<<<<

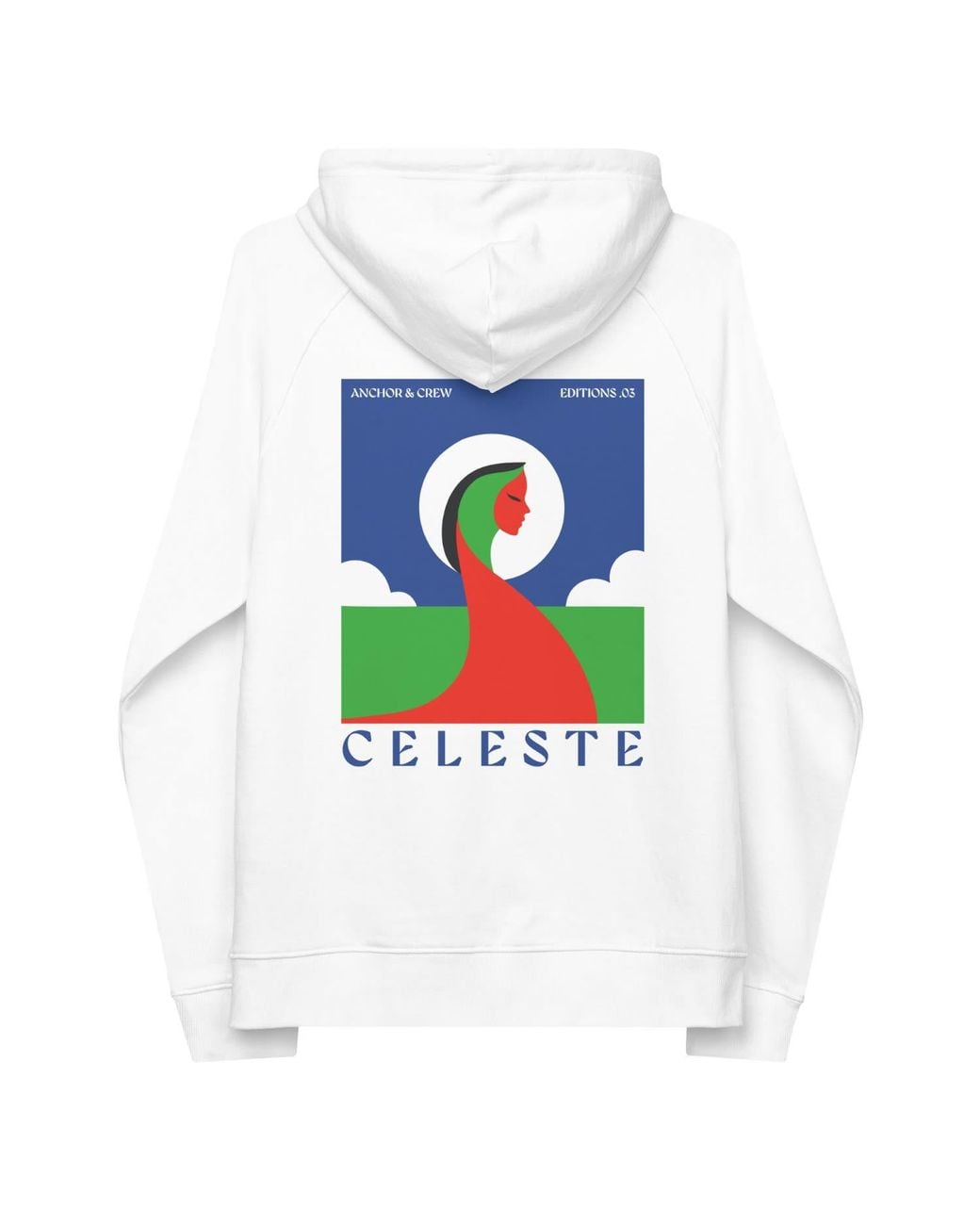 Anchor and Crew White Three Celeste Editions Organic Cotton Hoodie
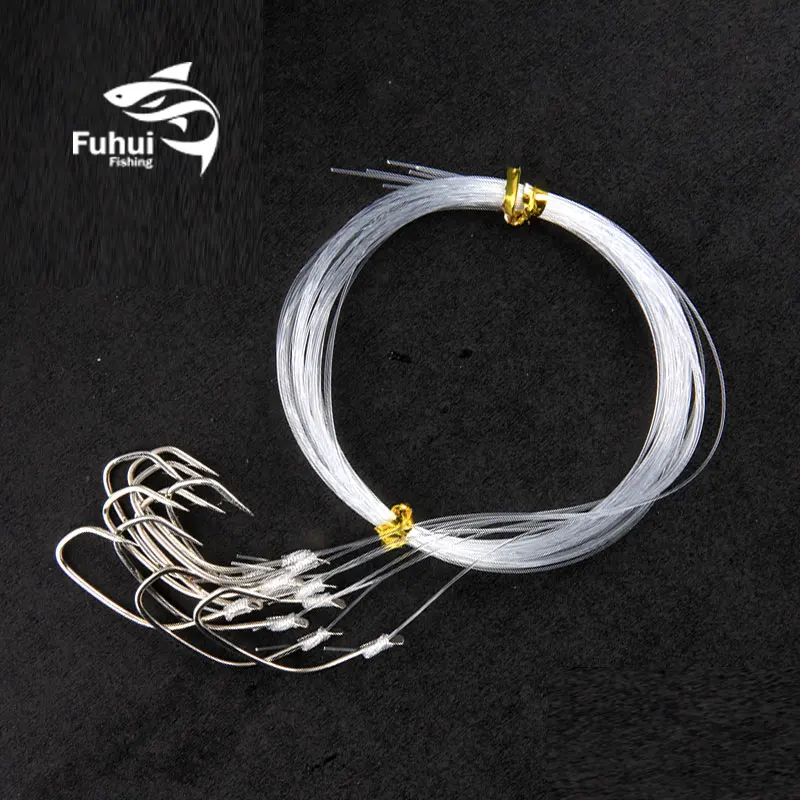 

Fishing sea fishing boat hook fishing hook perch large fish halleluyah barbed 10 pack manual tie line hook Bass hook line group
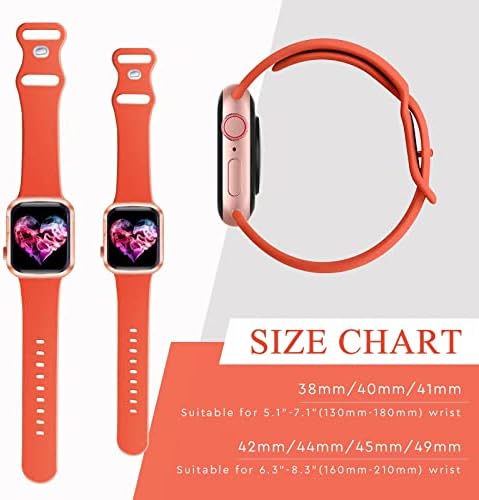 15Pack Watch Bands Compatível para Apple Watch Band 38mm 40mm 42mm 44mm 45mm 49mm Mulheres homens, Banda de Silicone Silicone Strap for Iwatch Série de bandas Ultra 8 7 6 5 4 2 1 SE SE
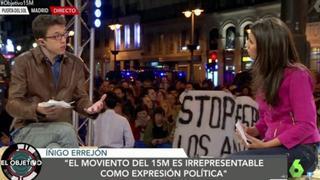 Tensión en la emisión de 'El objetivo' desde la Puerta del Sol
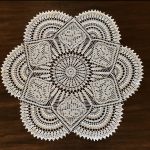 Filet Crochet Rose Centerpiece Doily by Brianna Shepherd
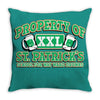 property of st Throw Pillow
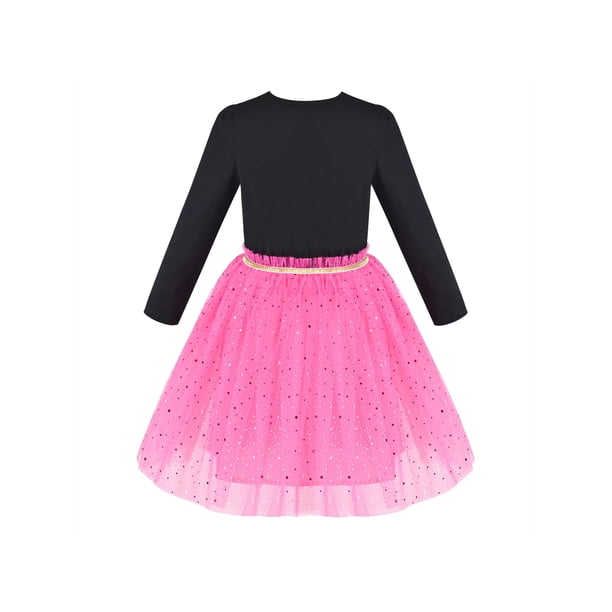Girls Dress Black Heart Pink Sequin Tulle Valentine's Day Dress 6 Years - Walmart Business Supplies Girls Dress Black Heart Pink Sequin Tulle Valentine's Day Dress 6 Years - Walmart Business Supplies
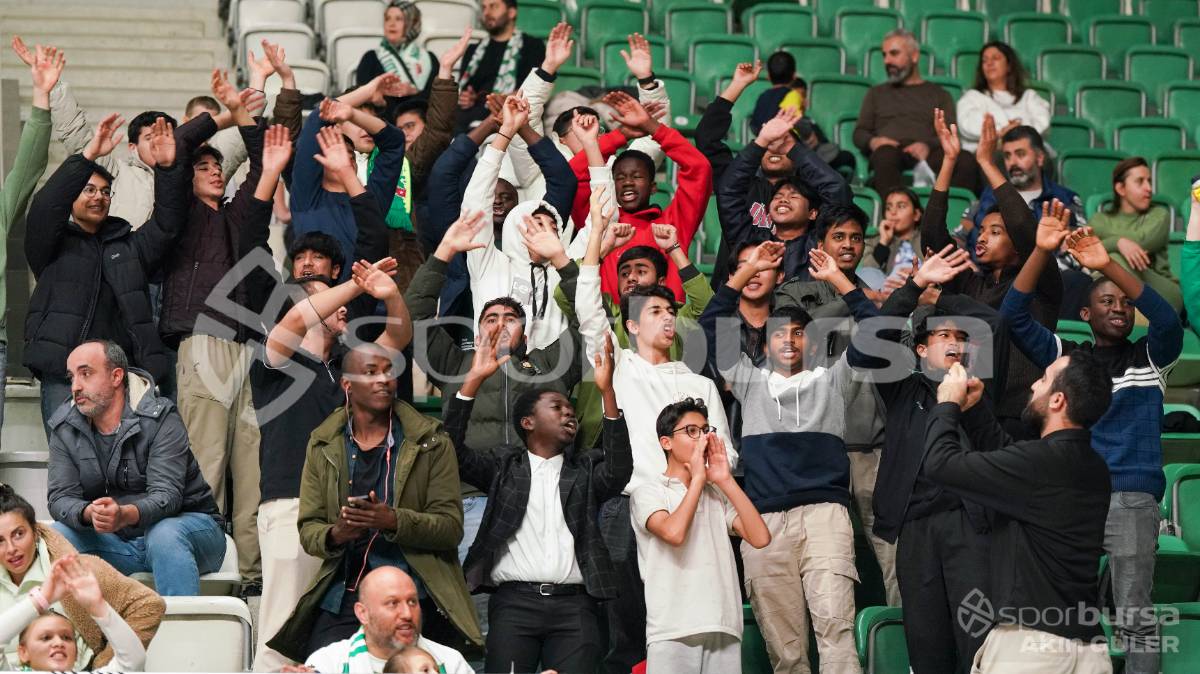 BURSASPOR BASKETBOL - MERSİNSPOR MAÇ FOTOĞRAFLARI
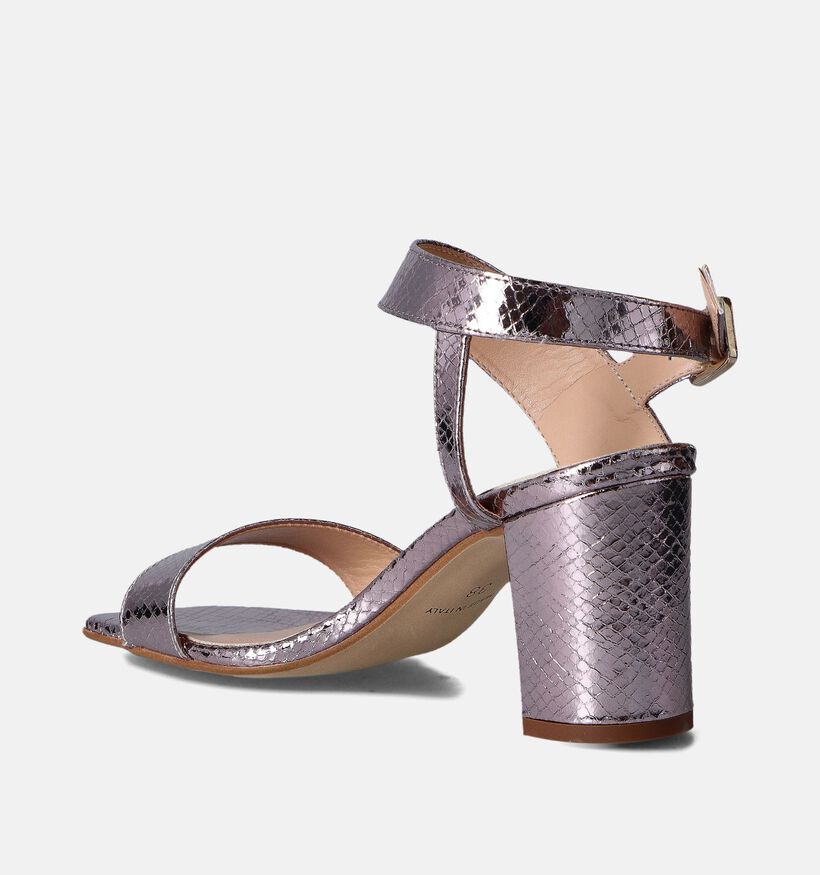 Laurent David Sandales à talons en Argent pour femmes (358590)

>>>>

Without changing a word, retype the data above and omit its pictures.

RESULT:
 Anchor and Crew White Three Celeste Editions Organic Cotton Hoodie

Fishing sea fishing boat hook fishing hook perch large fish halleluyah barbed 10 pack manual tie line hook Bass hook line group
 15Pack Watch Bands Compatível para Apple Watch Band 38mm 40mm 42mm 44mm 45mm 49mm Mulheres homens, Banda de Silicone Silicone Strap for Iwatch Série de bandas Ultra 8 7 6 5 4 2 1 SE SE
 Tensión en la emisión de 'El objetivo' desde la Puerta del Sol
 Filet Crochet Rose Centerpiece Doily by Brianna Shepherd
 property of st Throw Pillow
Girls Dress Black Heart Pink Sequin Tulle Valentine's Day Dress 6 Years - Walmart Business Supplies Girls Dress Black Heart Pink Sequin Tulle Valentine's Day Dress 6 Years - Walmart Business Supplies
 BURSASPOR BASKETBOL - MERSİNSPOR MAÇ FOTOĞRAFLARI
 Laurent David Sandales à talons en Argent pour femmes (358590)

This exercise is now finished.